In an unusually blunt broadside, Mr Scholz blamed Brussels for many bureaucratic measures and promised to prune back European supply chain rules – the same rules recently backed by his own coalition.
“There are things that emerge from [Brussels] where you have to wonder,” he said.
Onstage and off at the BDA gathering, delegates were scathing of the Social Democratic chancellor. Many noted his speech found excuses for the economic slump everywhere except his coalition with liberal Free Democrats and Greens.

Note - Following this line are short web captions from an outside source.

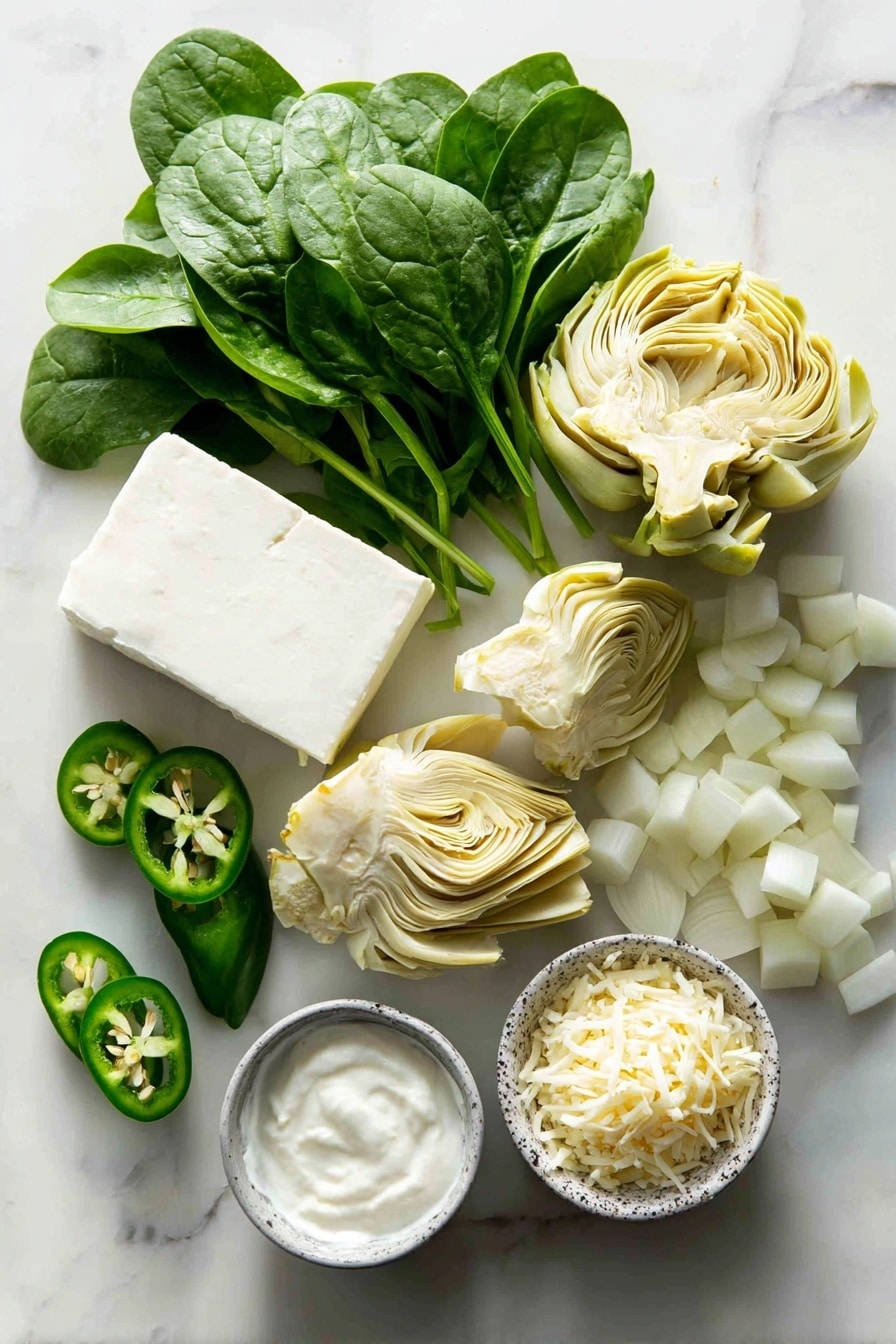 Flat lay of fresh vibrant green spinach leaves with their delicate texture, bright green jalapeño pepper sliced to reveal seeds, pale yellow diced onion pieces showing their crisp layers, tender marinated artichoke hearts chopped into chunks with soft creamy edges, smooth white cream cheese block with a slight sheen, a small bowl of thick plain Greek yogurt, shredded mozzarella cheese scattered in soft white strands, and a pile of grated parmesan cheese with its fine granular texture, all naturally arranged in an inviting, slightly overlapping pattern, placed on white marbled surface, photo taken with an iphone --ar 2:3 --v 7 - Creamy Jalapeño Spinach Artichoke Dip, cheesy spicy spinach artichoke dip, quick hot spinach dip, cheesy jalapeño dip with greens, easy spinach artichoke appetizer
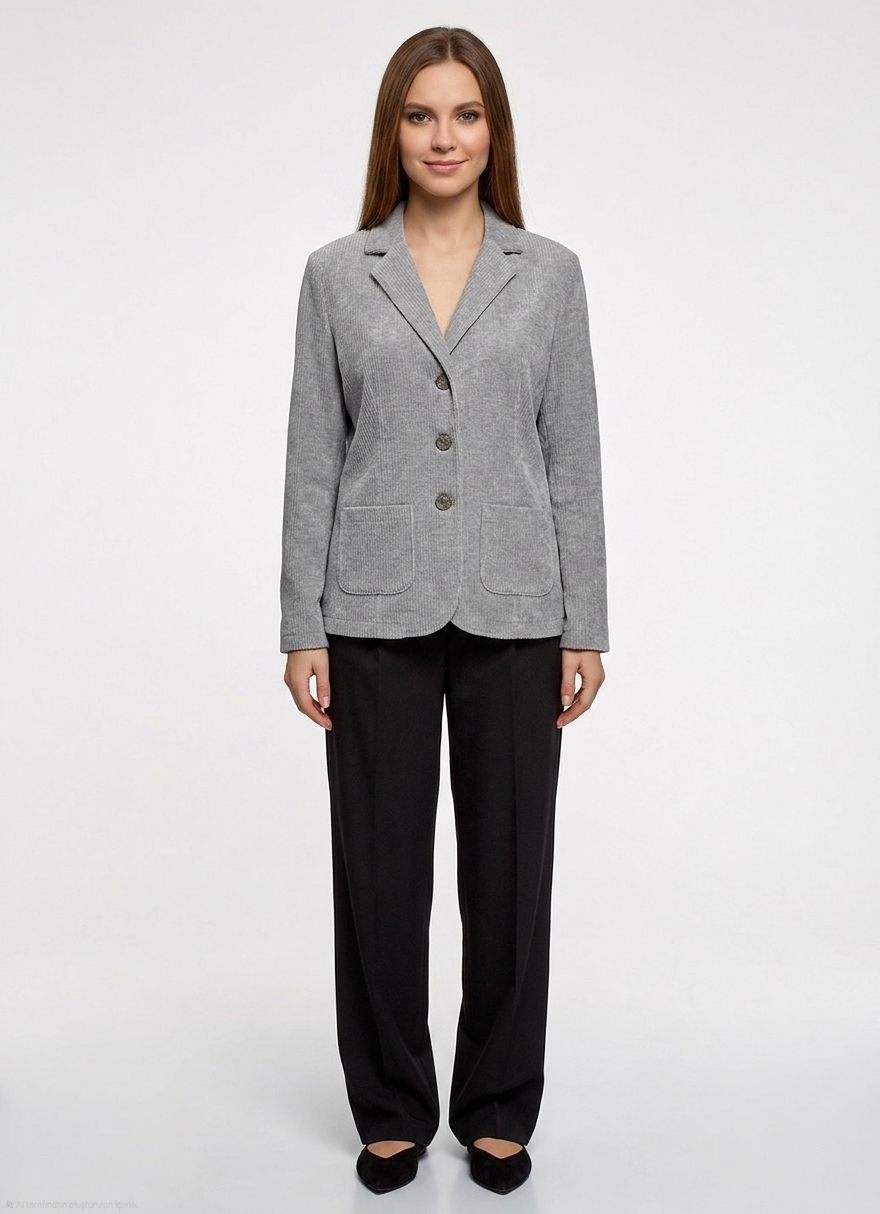 5632f6869ff24b349fb4bebe01467983-5.png Kadın Gri Triko Blazer Ceket - Görsel 1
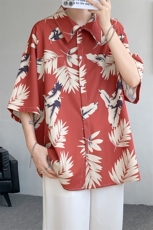 8XL-M夏威夷特大码冰丝垂感衬衫男度假风短袖复古花衬衣CS511P50，男装衬衫，电商D206-1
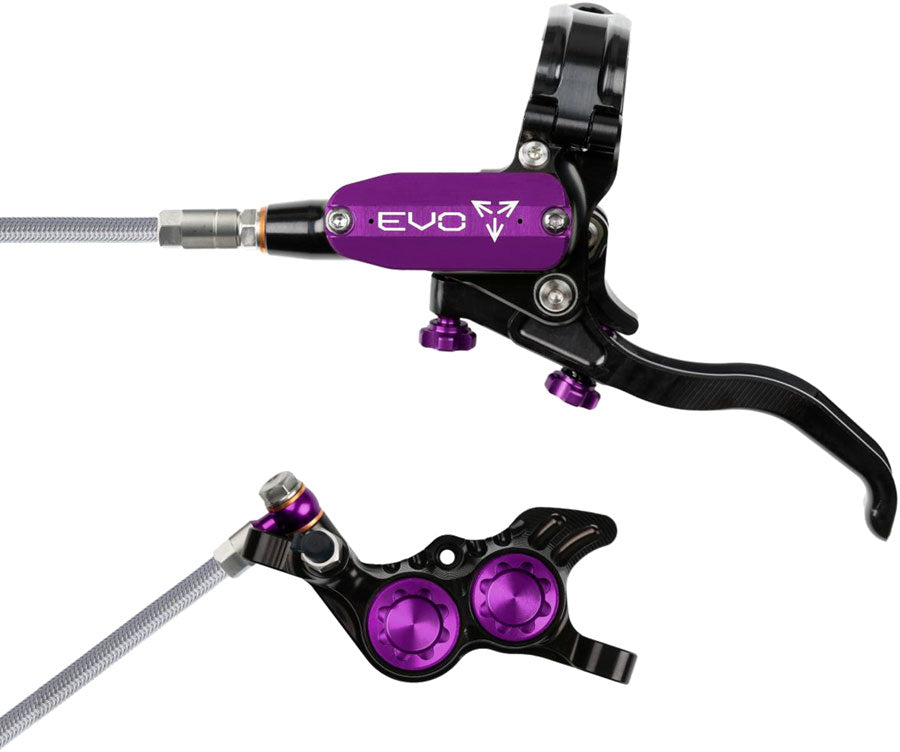 Hope EVO GR4 Disc Brake and Lever Set - Left Hand, Post Mount, 4-Piston, Braided Hydraulic Hose, Black/Purple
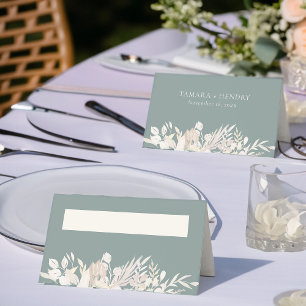 Cartão De Mesa Casamento Botânico Sage Green Personalizado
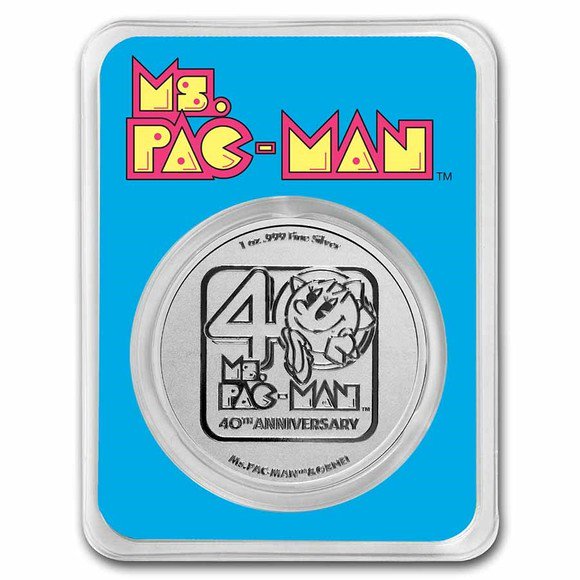 パックマン銀貨 ピクセルパターン 1オンス TEP入り-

After three years, there is a wide managerial consensus that the previously untested alliance has proven ideologically incompatible.
At the BDA gathering, its president Rainer Dulger was in attack mode on Tuesday, even by his own standards.
Too many Berlin coalition reforms were “failures that belong in a museum”, he said, claiming the kindest thing he could say after three years was that the government was finally aware of Germany’s many problems.
“The economy is shrinking, unemployment is rising, Germany has lost attractiveness for investors,” said Mr Dulger, noting Germany was the second most expensive country to do business in a recent survey of 45 industrial economies.
“An investment location has to be as good as it is expensive and that is not the case here,” he said. “Our firms are still competitive because they are investing abroad.”
With an eye on foreign direct investment, and attracting skilled workers to Germany, Mr Scholz is leading a business delegation to India this week to attract workers and address the labour market’s growing demographic difficulties.
Employers happy to hear of greater efforts to address labour shortages were far cooler on the centre-left chancellor’s vow to increase the minimum wage to €15, after rising earlier this year to €12.41.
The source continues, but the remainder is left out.